Dressage PRE for sale in Spain
A very pregnant Allida and Melissa search for the perfect dressage PRE in Spain

I think I’m ready to get a new horse but, I think I want something silly, like an Andalusian,” Melissa confessed to Marsha while they were watching a friend take a lesson. “I’m afraid to tell Allida.”

“Don’t be. She loves Andalusians. She’ll be super excited,” Marsha said.

Marsha feels that some secrets are made to be shared and couldn’t wait to tell Allida that Melissa was ready for another horse. She also told Allida that Melissa was feeling a little embarrassed to tell her that she wanted an Andalusian. “Why? I love Andalusians! I think they are a great choice.

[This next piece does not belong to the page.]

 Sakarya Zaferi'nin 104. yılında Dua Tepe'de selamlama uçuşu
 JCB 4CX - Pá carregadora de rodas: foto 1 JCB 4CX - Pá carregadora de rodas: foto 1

I’m excited,” she said and immediately sent Melissa a text message telling her that she fully supported the plan.

Melissa is a confident horsewoman, so when she said she was “thinking” about getting an Andalusian, she was really well into the research phase. As a scientist, who moonlights as an equine body worker, she had a very clear idea of her requirements. “I was after a P.R.E. youngster that I could take my time with and start for a dressage career. I wanted a more modern type with some height and good forward movement. Most of my horses are a little on the goofy side, so I wanted something with some smarts and a spunky personality. I was also specifically looking for good conformation with sufficient bone and good balanced hindquarters. You know, just a unicorn.” She had been looking at domestically bred P.R.E.’s and felt that the quality wasn’t what she had hoped for the money. Allida suggested that they go directly to the source and shop for an Andalusian in Spain or Portugal.

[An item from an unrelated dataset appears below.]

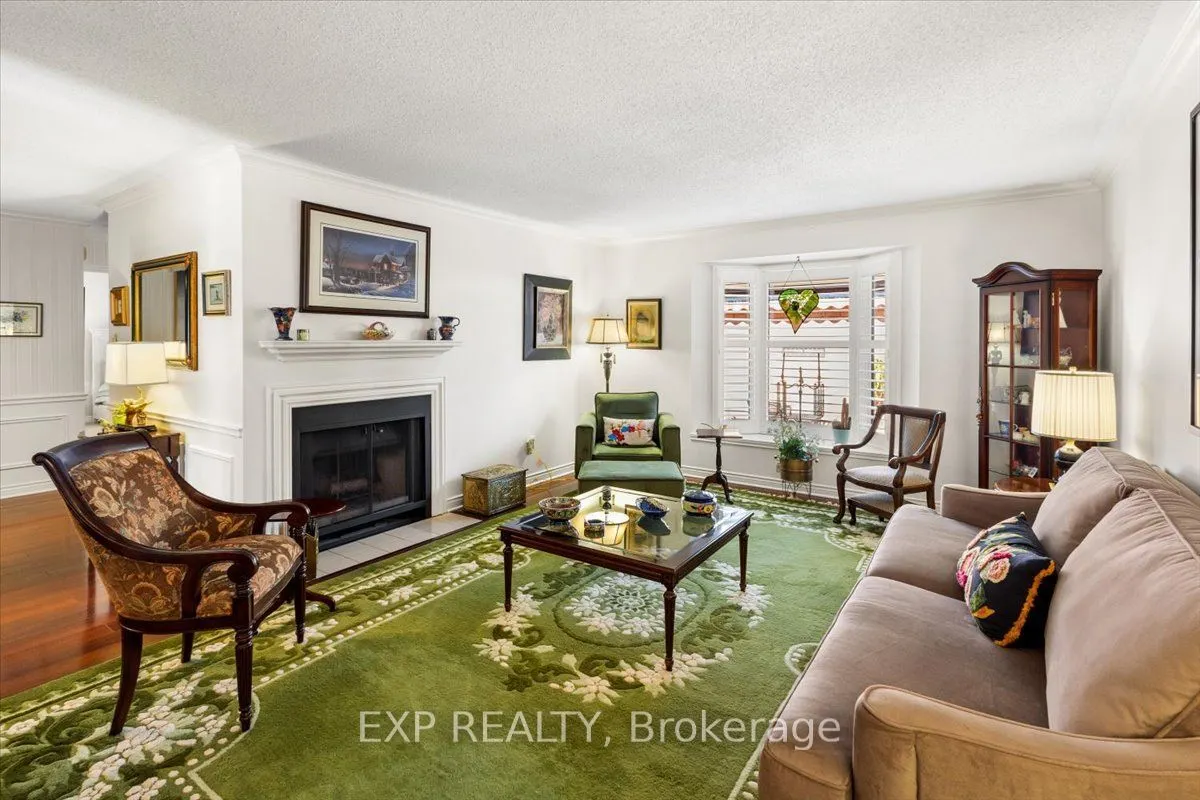 55 Fiddlers Green Road #33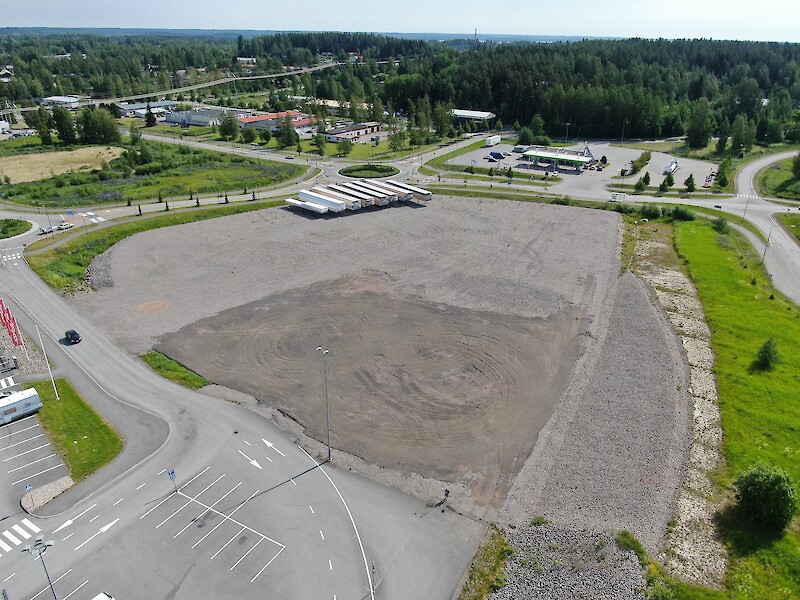 Kauppakeskus Kompin viereinen tontti on pitkään ollut tyhjänä. Nyt alueelle kaavoitetaan asemakaavaa, joka sallisi lähiruokaan liittyvää toimintaa.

Allida reached out to her contacts and started putting a trip together. She sent Melissa videos so they could get an idea of the quality of horses that each breeder had available. Melissa picked the breeders she liked best. Most of the horses they were interested in were in Spain and eventually they narrowed their focus to the central and southern part of the country.  Melissa wanted maximum flexibility in the trip, even leaving open the possibility that they might spend a few days in Portugal, if they didn’t find what they wanted in Spain. Melissa said, “Allida found some prospects and lined up plenty of horses, I booked some flights and we settled on a rough agenda that had plenty of flexibility built in, so we could follow our noses depending on what we found over there.” Marsha arranged to meet them, at Madrid airport.

Over the next week they looked at dozens of horses, from foals to four-year-olds. During the day the group would look at horse after horse and at night, they would eat delicious Spanish food and drink wine, while they discussed the prospects. When the time came to make a decision, in Melissa’s words, she “was not left wanting for choice.”

After seeing dozens of horses, the yearlings from the first barn they visited stuck out in her mind. They had all recently been brought in from the pasture, were mostly wild, and were very nervous being in the new environment. They were being held in a side paddock and the breeder released them into the arena one at a time, to show off their gaits. The first one got a collective gasp. The second one got the same reaction, so did the third through the fifth. They all had gorgeous floating trots and uphill canters and they all had the balance and body control that is typical of  P.R.E.’s.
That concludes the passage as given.